The old captain scowled. He looked like he might be having second thoughts. Lucien could smell victory.

"Then again, you could rest in Port Royal, while I take the cargo to Barbados. Then I can pick you up and we'll head for home." That route would take him twice past the port in Curacao, and he was sure to catch her one way or the other. He watched Dewberry carefully as he considered Lucien's idea. It looked as if he was about to disagree so Lucien cast about for another.

He met the older man's eyes, and then squinted as he looked into them. "Oh, that's no good now, is it," he said as he looked from one eye to the other.

"I beg your pardon?" the older man said with trepidation.

"Have you been eating properly?" Lucien asked.

"Whatever do you mean? What are you on about? Out with it!" the captain said with authority.

"I apologize. It's only that I noticed your eyes have a faint yellow cast to them. With all the stiffness you've been complaining about, I thought you may be coming down with a bout of scurvy." Lucien shook his head as if it couldn't be helped.

"What! Nonsense. I've never had scurvy in all my sailin' days! And I'm always stiff. I'm no youngling," Dewberry blustered.
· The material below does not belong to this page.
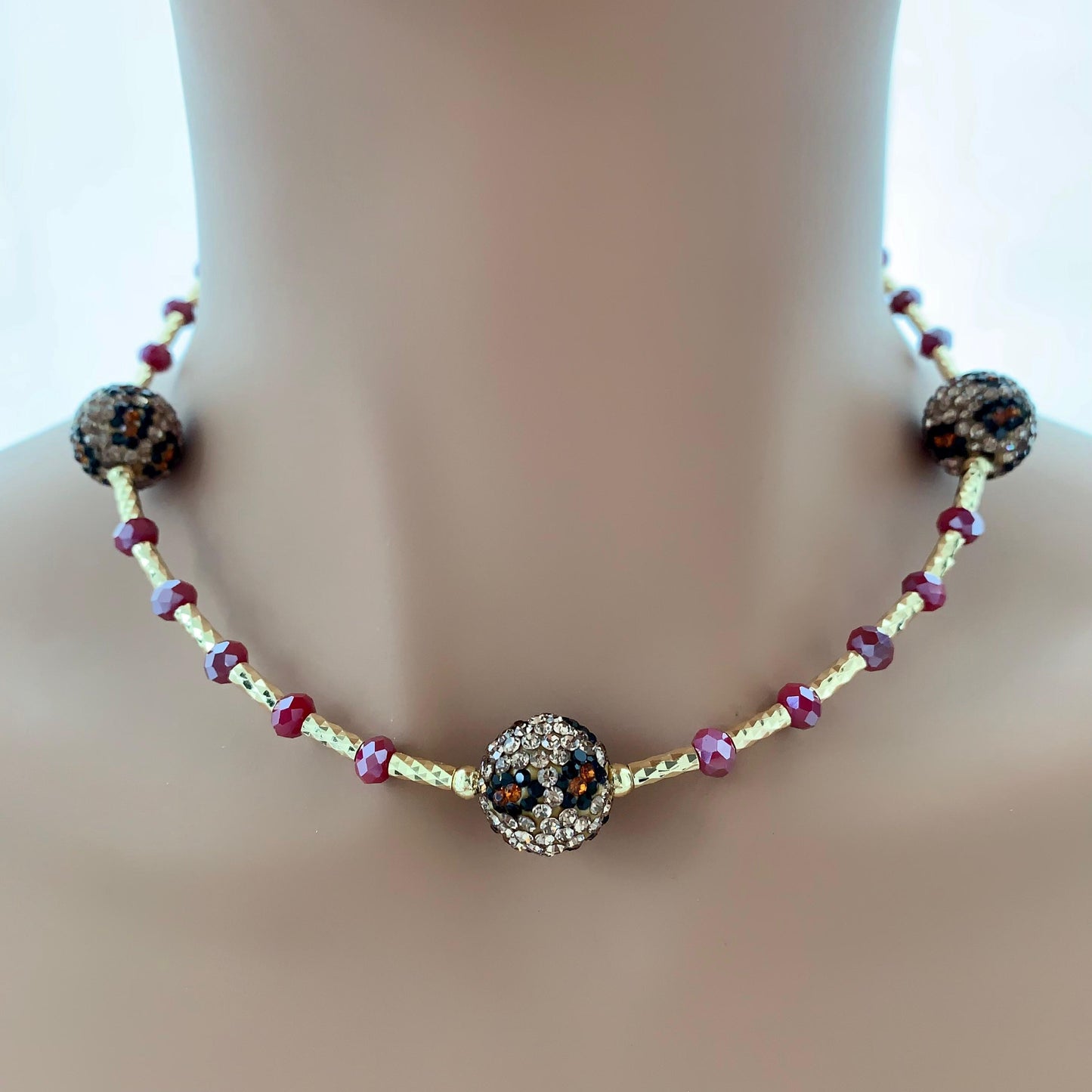 Leopard Beads Gold Necklace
"I'm sure you're right. I just thought it seemed worse than before is all. It wouldn't be surprising. At your age the body becomes most sensitive to things like that. But no matter. Probably a trick of the lighting."

"Let's say I was coming down with scurvy. You can cure it?" Captain Dewberry said in an offhand way as he stirred his plate of food with his fork.

"Of course. It so happens the best cure is to simply spend time ashore," Lucien assured, taking a casual sip of wine.

The old man nodded. "Do you think you could spare your man Johnstone to stay with me in Port Royal? I enjoy his company."

"Capital idea! He can help keep an eye on your condition while I'm away!" Lucien could hardly contain his elation. He was going to get his ship back!